A study in New Zealand, Hill, Casswell, Maskill, Jones & Wyllie (1998) showed that although teenagers had good knowledge of what was healthy and what not, what they ate was determined by how desirable foods were. This is really significant to develop the strong eating habits at the earlier stage of the life; if this pattern of eating habits would be continued in mature life and hard to change at a later stage of the life (Hill, Casswell, Maskill, Jones & Wyllie, 1998; Kelder, Perry & Klepp, 1994; Sweeting et al, 1994). Numerous studies pointed out the fact that those who eat with the family have healthier dietary habits. Family meals become less frequent as children get older and the frequency of those meals differ for different ethnic groups and socio-economic status (Neumark & Sztainer, Hannan, Story, Croll & Perry, 2003). The influence of family eating patterns on dietary intake stays strong even after controlling for other variables such as television viewing and physical activity. Eating away from home also increases the consumption of soft drinks which is related to problems with weight (French, Lin et al, 2003).
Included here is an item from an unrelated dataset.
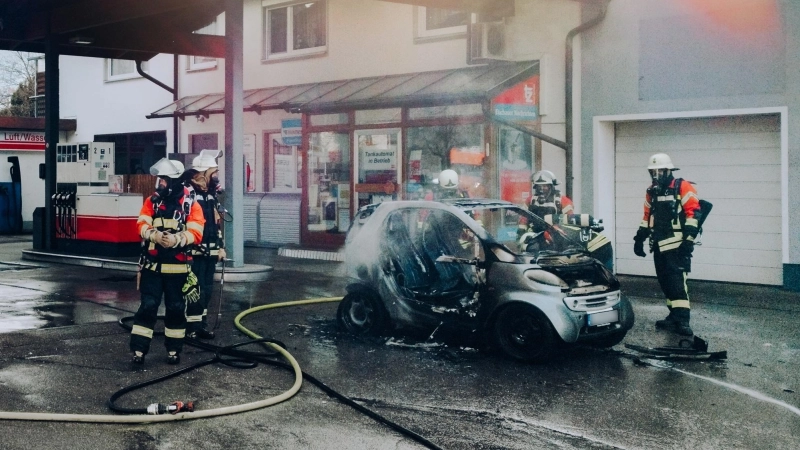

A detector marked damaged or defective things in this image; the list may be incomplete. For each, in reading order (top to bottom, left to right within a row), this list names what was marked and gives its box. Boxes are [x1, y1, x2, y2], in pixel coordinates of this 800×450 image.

burned car [336, 200, 632, 362]
charred car body [338, 200, 632, 362]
The study confirms that it is a challenging task to research children. Marketers and researchers who wish to control the buying button "inside children's heads" should note that today's children are completely different from children of, say, ten years ago. Children are now technosavvy and more knowledgeable. They have increased access to information and have a greater knowledge and understanding of today's issues. They are truly the Internet generation, and get their news and information primarily from television. The recent trends have increase the interest of the marketers in child consumers. One of them is the discretionary income of children and their power to influence parent purchase. The other very significant development is the enormous increase in the number of available channels and thus created a growing media space just for children and children products. They understand the marketing and advertising campaigns presented to them. They are, however, rooted to home - their family is still their most important social group. The television advertisements open up many opportunities for parents to educate their children on matters relating to marketing and other consumer issues.
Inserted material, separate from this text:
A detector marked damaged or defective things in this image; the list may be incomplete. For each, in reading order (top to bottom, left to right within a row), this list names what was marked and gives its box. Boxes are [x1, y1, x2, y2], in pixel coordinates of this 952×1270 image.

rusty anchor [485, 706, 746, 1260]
This study stresses the need for future empirical research on children's consumer behaviour to be conducted in the Indian context. For example, the role of salespeople in the retail environment and the school as socialisation agents could fruitfully be studied. The literature study revealed that not a single study has been conducted to date in India to investigate the role of retailers in educating young consumers. The positive assistance given by the secondary school sector in this research should be utilised by marketing and consumer science researchers in order to add new insights to the existing body of knowledge in this vibrant field. Understanding how children become socialised to function as consumers is important not only from a managerial or marketing perspective, but also from a societal, technological and cultural perspective where issues such as single-parent families, drug abuse and the Internet require the attention of researchers. Future research could also focus on gender-role orientation and cross-cultural marketing aspects regarding the consumer socialisation which influences the food buying behaviour of children.